Print only the lines below from the one with "Pastease Pasties rainbow" to the one with "Eichholtz Trinity Outdoor", both included, exactly as they stand. Leave pictures out.

#### DATA FOR PROCESSING ####

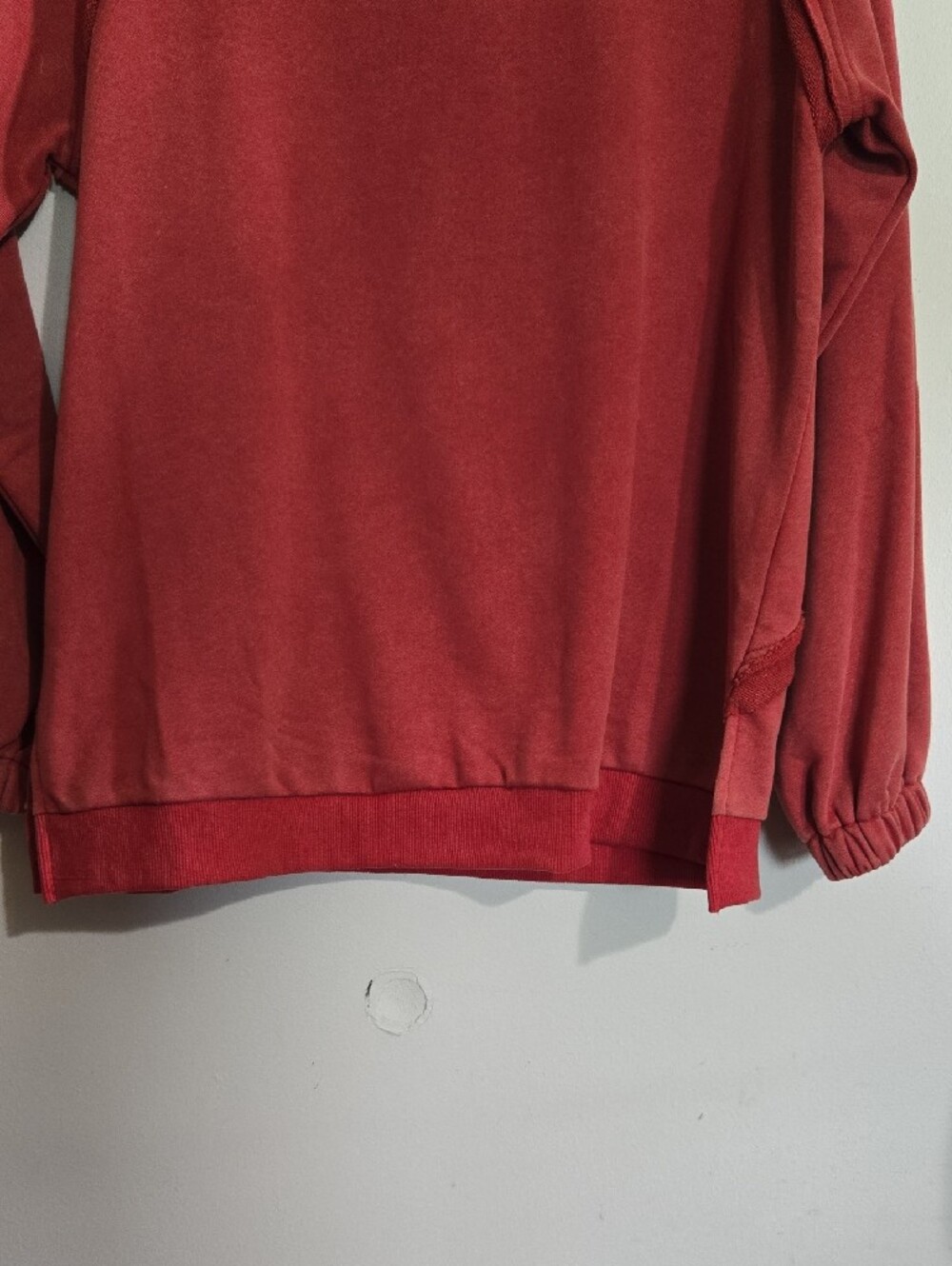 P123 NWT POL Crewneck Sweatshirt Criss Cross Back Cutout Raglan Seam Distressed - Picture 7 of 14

####
#### DATA FOR PROCESSING ####

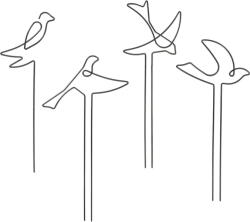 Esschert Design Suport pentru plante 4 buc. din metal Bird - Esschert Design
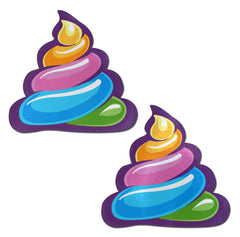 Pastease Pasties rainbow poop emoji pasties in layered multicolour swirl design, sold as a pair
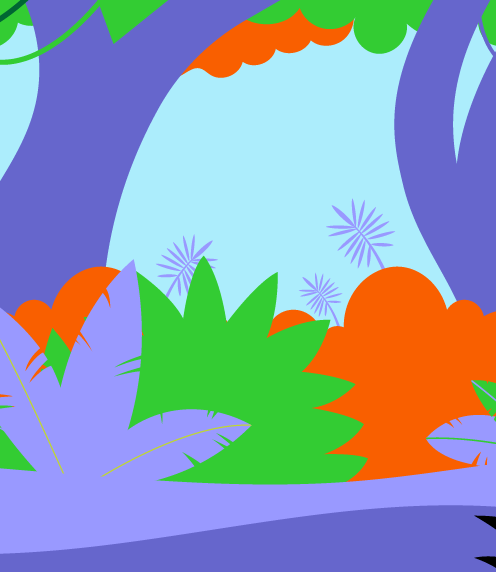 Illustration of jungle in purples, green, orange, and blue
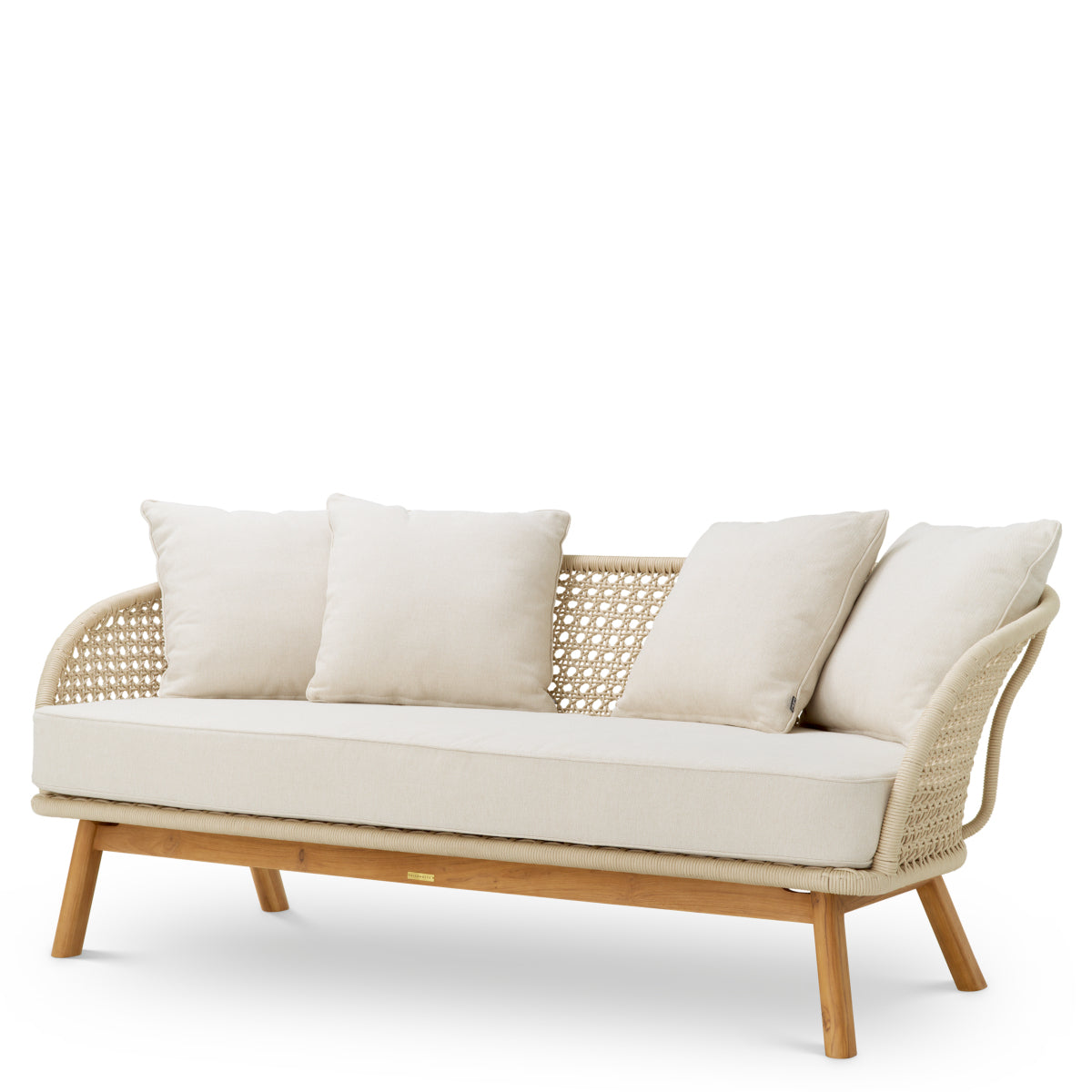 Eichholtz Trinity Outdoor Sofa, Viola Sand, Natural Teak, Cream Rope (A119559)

####

(EXERCISE RESULT):
 Pastease Pasties rainbow poop emoji pasties in layered multicolour swirl design, sold as a pair
 Illustration of jungle in purples, green, orange, and blue
 Eichholtz Trinity Outdoor Sofa, Viola Sand, Natural Teak, Cream Rope (A119559)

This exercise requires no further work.